Es gilt das gesprochene Wort

Anrede,

wiederum gedenken wir an diesem vorletzten Sonntag vor dem ersten Advent der Opfer zweier Weltkriege und der nationalsozialistischen Gewaltherrschaft. Auch in diesem Jahr vereint die Trauer über das Geschehene Millionen von Menschen in unserem Land. Und dennoch ist der Volkstrauertag 1999 ein besonderer Tag. Schließlich gilt das Jahr 2000 - ob es stimmt oder nicht - als das Ende des 20. Jahrhunderts, das uns als Jahrhundert der bislang schrecklichsten Kriege mit Millionen von Opfern in Erinnerung bleibt. In ihrem Gedicht "Das Ende dieses Jahrhunderts" hat die polnische Nobelpreisträgerin Wislawa Szymborska dies eindringlich beschrieben. (Ich zitiere):
"Es hatte besser werden sollen als die vergangenen, unser 20. Jahrhundert (...) Zu viel ist geschehen, was nicht mehr hat geschehen sollen (...) und was kommen sollte, kam leider nicht (...) Einige Unglücksfälle sollten nicht mehr geschehen, zum Beispiel Krieg (...)"
Aber der Blick zurück ist nicht nur düster. Neben der Trauer mit ihren vielfältigen und schmerzvollen Erinnerungen stehen auch Hoffnung und Zuversicht. 1999 konnten wir zurückblicken auf 50 Jahre parlamentarische Demokratie in der alten Bundesrepublik Deutschland. Mit Stolz und Dankbarkeit haben wir uns erinnert an die friedliche Revolution der ostdeutschen Bürgerinnen und Bürger vor 10 Jahren. Sie haben die deutsche Einheit - und übrigens auch gemeinsame Volkstrauertage - erst möglich gemacht.
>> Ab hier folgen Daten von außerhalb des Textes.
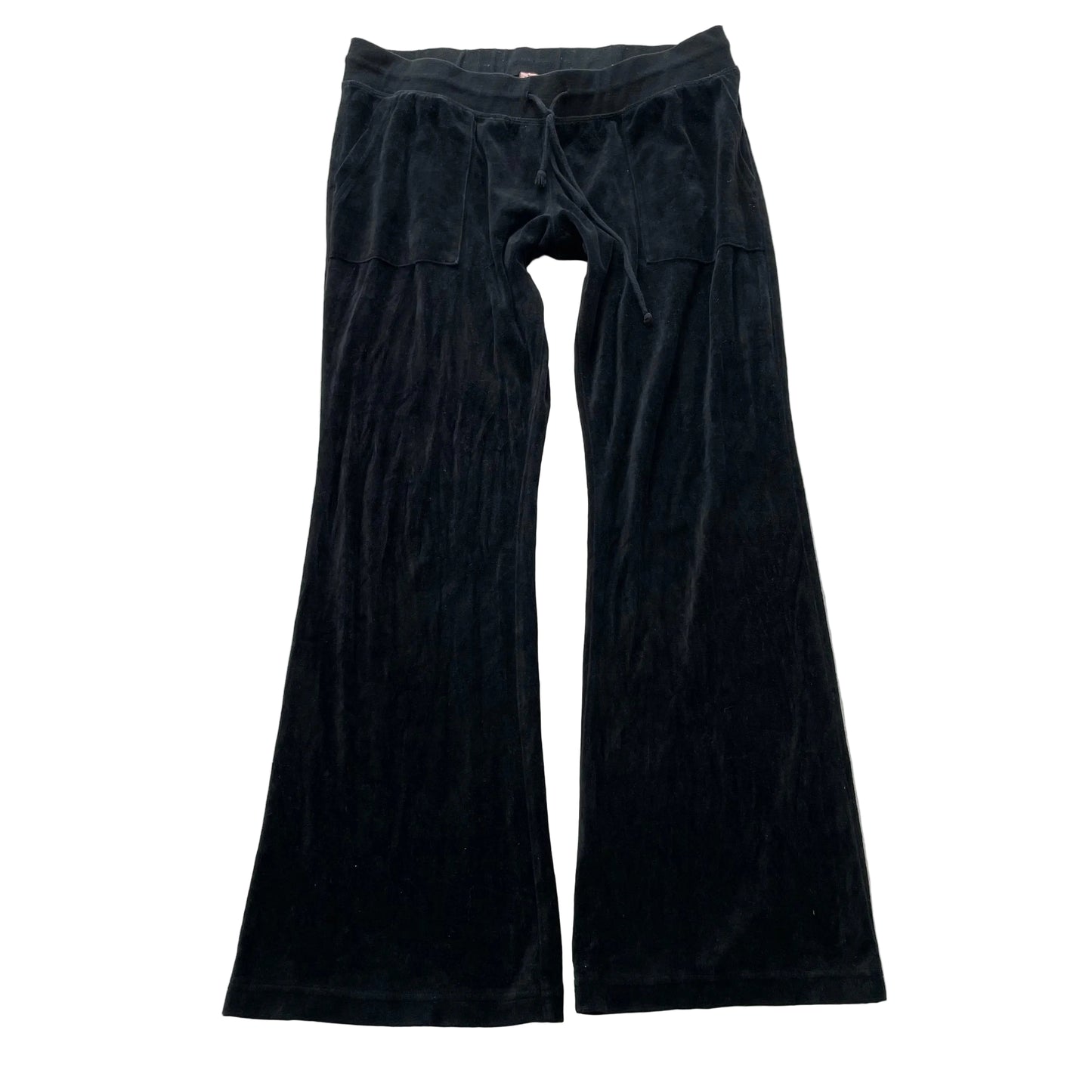 Juicy Couture Women Charcoal Velour Flared Track Pant Drawstring Pockets Size XL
Wir haben erlebt, wie das Ende des Ost-West-Gegensatzes im von zwei Weltkriegen zerrissenen Europa aus Gegnern Verbündete und Freunde werden ließ. Wir arbeiten am weiteren Zusammenwachsen Euro-pas. Die Friedenserhaltung auf unserem Globus, den wir immer mehr als die 'eine Welt' verstehen lernen, wird zunehmend zu einer gemeinsamen Aufgabe der Staatengemeinschaft und ihrer Institutionen.
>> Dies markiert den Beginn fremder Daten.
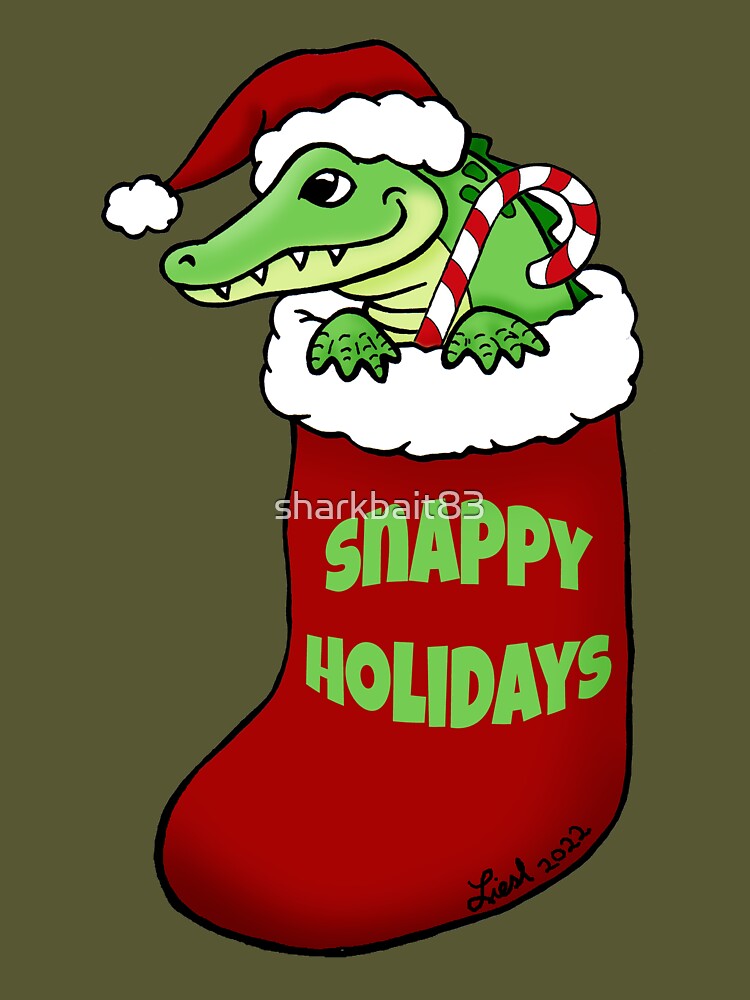 Funky Alligator in Santa Hat Christmas Stocking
Ist bei solch hoffnungsvollen Perspektiven noch Platz für die Trauer? Die Forderung nach sogenannten Schlußstrichen ist laut. Schlußstriche unter die Schrecken zweier Weltkriege; Schluß mit dem Blick zurück; Schluß mit der Trauer und der Besinnung? Brauchen wir künftig noch ein gesellschaftliches Gedenken an Ereignisse, die zunehmend weniger Menschen aus dem persönlichen Erleben kennen?
Ich sage nein zu solchen Schlußstrichen. Ein Ausstieg aus der Geschichte, das Verdrängen des Grauens, das dieses Jahrhundert deutscher und europäischer Geschichte geprägt hat, ist unmöglich, vielleicht sogar der erste Schritt zu neuem Haß. Wir brauchen den Blick zurück, um unsere Verantwortung für das Geschehene zu erkennen und Konsequenzen daraus für unser Handeln abzuleiten. Wenn persönliche Erfahrung und Betroffenheit mit den Generationen entschwinden, brauchen wir Gedenkorte - wie das vom Bundestag beschlossene Mahnmal für die ermordeten Juden Europas - und Gedenktage wie der Volkstrauertag.
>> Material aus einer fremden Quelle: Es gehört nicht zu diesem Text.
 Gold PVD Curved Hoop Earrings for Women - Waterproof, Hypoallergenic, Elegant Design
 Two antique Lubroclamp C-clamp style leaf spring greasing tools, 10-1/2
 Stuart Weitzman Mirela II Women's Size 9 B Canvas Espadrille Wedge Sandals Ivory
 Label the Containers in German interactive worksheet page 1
Dieser Gedenktag weist eine lange und durchaus wechselvolle Tradition auf. Nach den Schrecken des Ersten Weltkrieges mit mehr als 10 Millionen Toten in Europa und anderen Teilen der Welt wurde der Volkstrauertag von dem 1919 gegründeten "Volksbund deutscher Kriegsgräberfürsorge" im Jahr 1920 eingeführt. 1922 fand die Gedenkfeier erstmals im staatlichen Rahmen statt. Hier im Berliner Reichstag erinnerte Reichstagspräsident Paul Löbe eindring-lich an das ganze Ausmaß des Leides, das der Krieg über weite Teile der Welt gebracht hatte. Zugleich rief er zu Umdenken und Umkehr auf. Ich zitiere: "Leiden zu lindern, Wunden zu heilen, aber auch Tote zu ehren, Verlorene zu beklagen, bedeutet Abkehr vom Haß, bedeutet Einkehr zu Liebe, und unsere Welt hat die Liebe not ..."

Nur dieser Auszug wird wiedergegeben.